### About this task
An exact restatement of all the data is required, with the pictures left out.

### Supplied information
--------------------------------

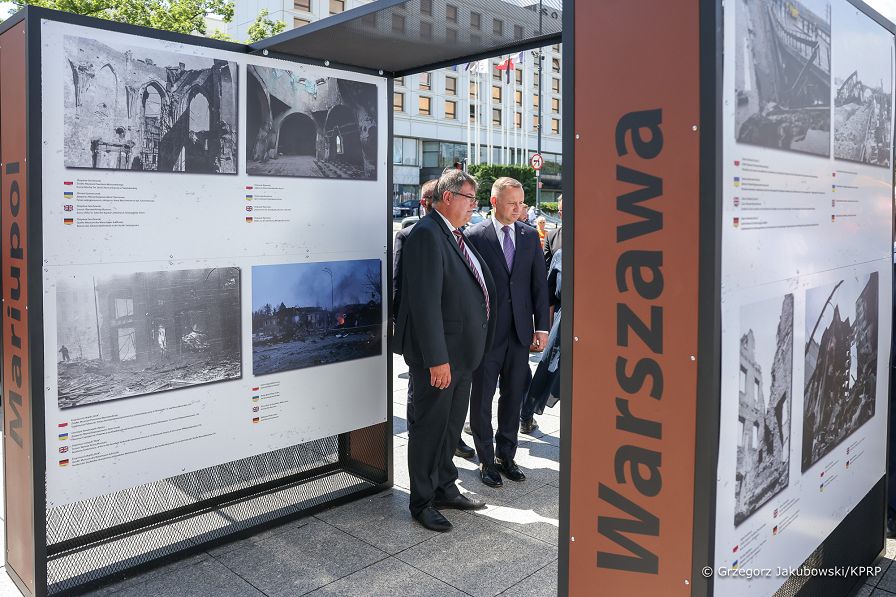 01__Andrzej_Duda_wystawa_Warszawa_Mariupol__20220801_GJB_2268.jpg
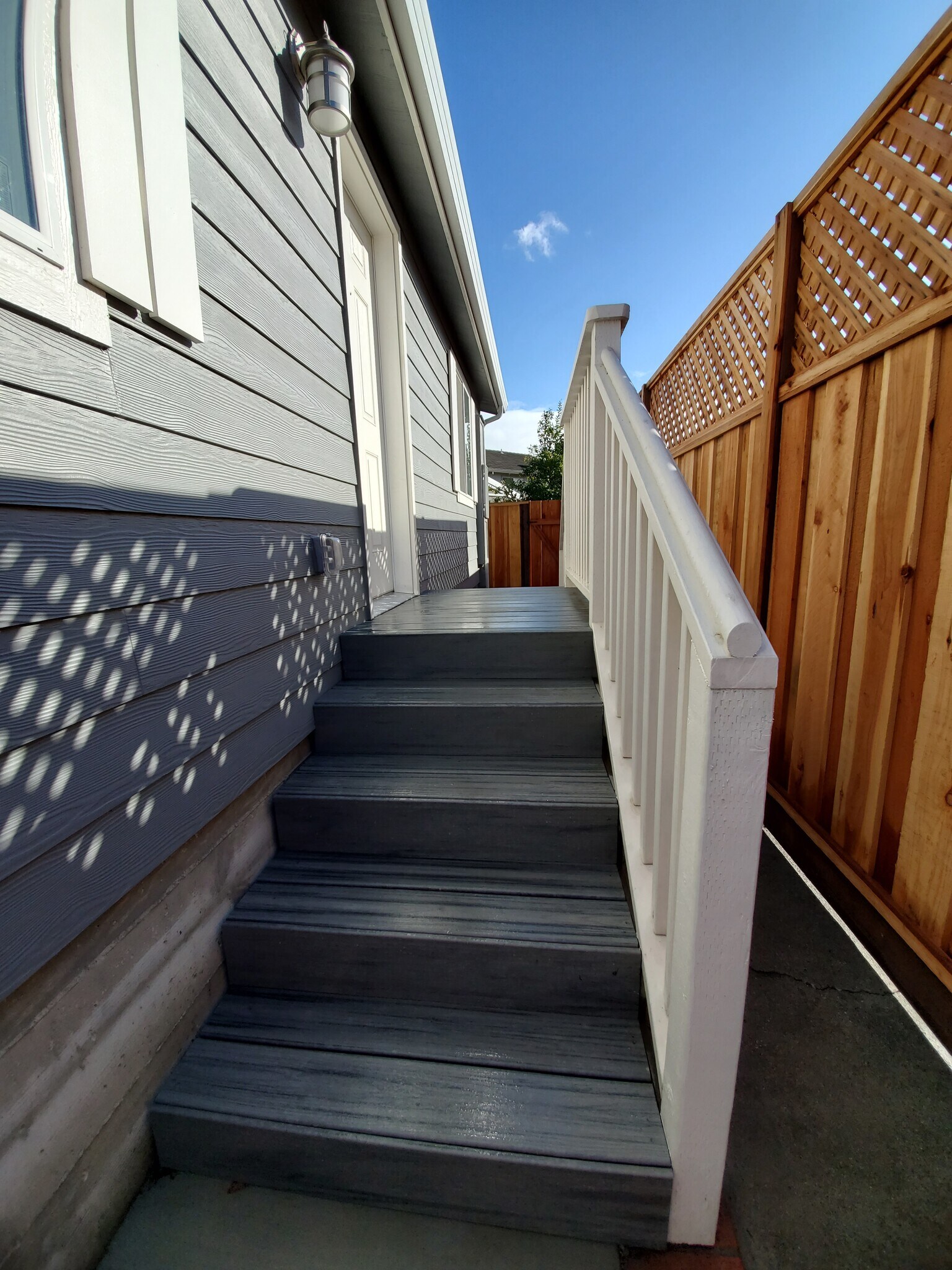 Building Photo - 25918 Meadowmist Dr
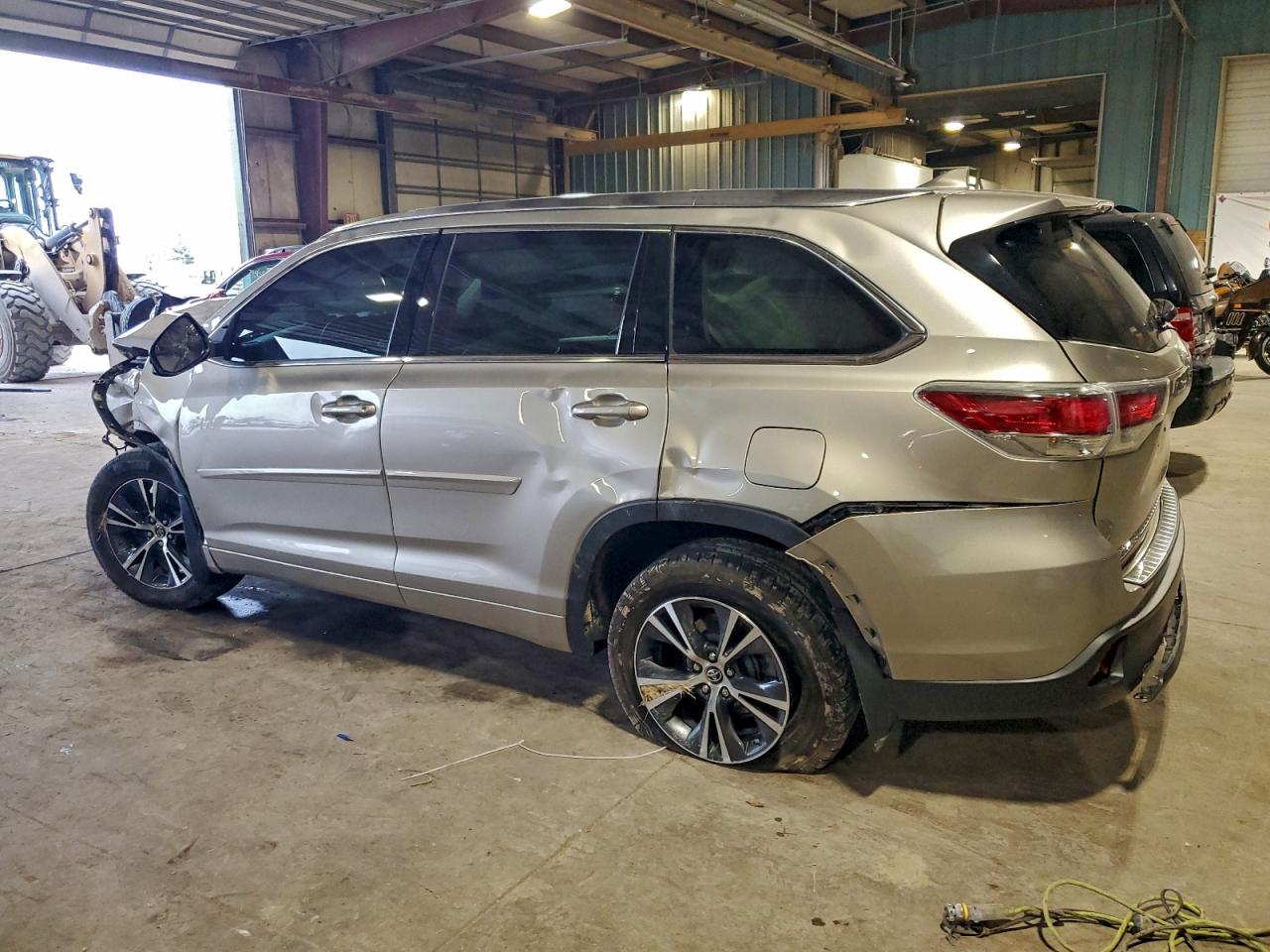 TOYOTA HIGHLANDER XLE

--------------------------------

### Solution to the exercise
 01__Andrzej_Duda_wystawa_Warszawa_Mariupol__20220801_GJB_2268.jpg
 Building Photo - 25918 Meadowmist Dr
 TOYOTA HIGHLANDER XLE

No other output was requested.